WHAT THE TASK REQUIRES
Pictures aside, the data must be reproduced exactly.

SUPPLIED INFORMATION
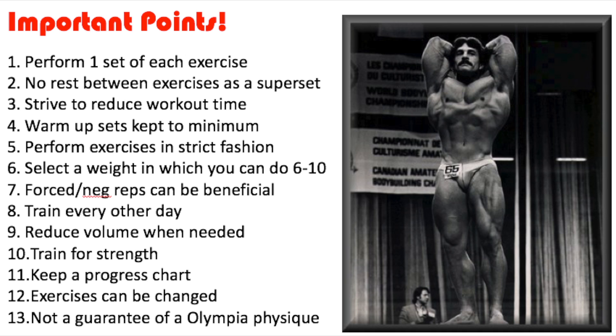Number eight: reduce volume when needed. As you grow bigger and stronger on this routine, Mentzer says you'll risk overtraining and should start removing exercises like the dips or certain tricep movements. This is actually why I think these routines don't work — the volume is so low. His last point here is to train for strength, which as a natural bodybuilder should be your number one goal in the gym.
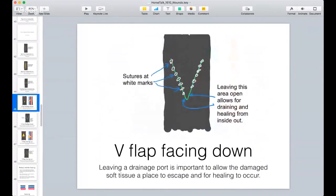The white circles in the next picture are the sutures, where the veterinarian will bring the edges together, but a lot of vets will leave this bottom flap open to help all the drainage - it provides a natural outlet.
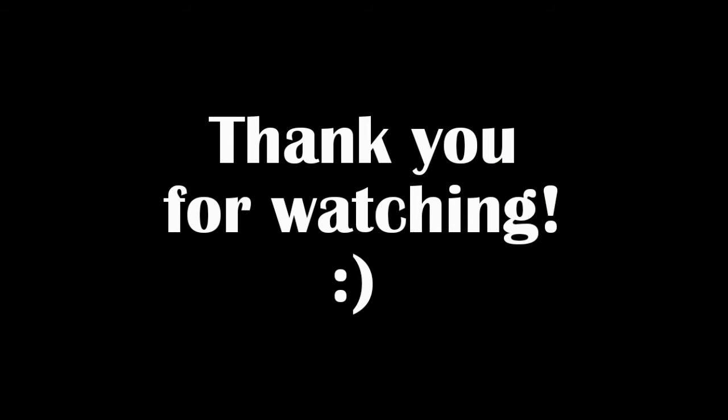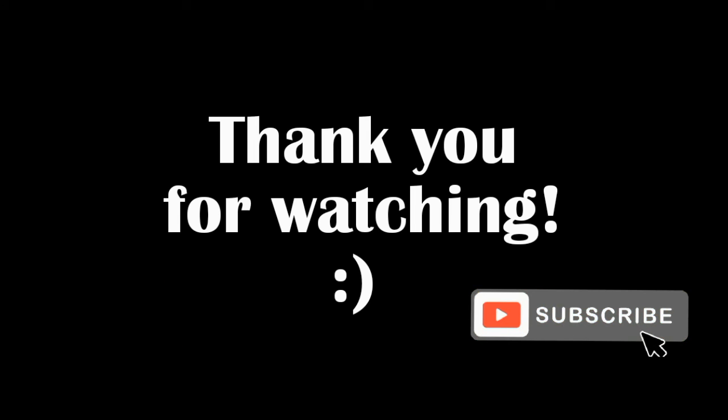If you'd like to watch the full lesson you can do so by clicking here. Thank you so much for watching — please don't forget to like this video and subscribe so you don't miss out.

OUTPUT BELOW
Number eight: reduce volume when needed. As you grow bigger and stronger on this routine, Mentzer says you'll risk overtraining and should start removing exercises like the dips or certain tricep movements. This is actually why I think these routines don't work — the volume is so low. His last point here is to train for strength, which as a natural bodybuilder should be your number one goal in the gym.
The white circles in the next picture are the sutures, where the veterinarian will bring the edges together, but a lot of vets will leave this bottom flap open to help all the drainage - it provides a natural outlet.
If you'd like to watch the full lesson you can do so by clicking here. Thank you so much for watching — please don't forget to like this video and subscribe so you don't miss out.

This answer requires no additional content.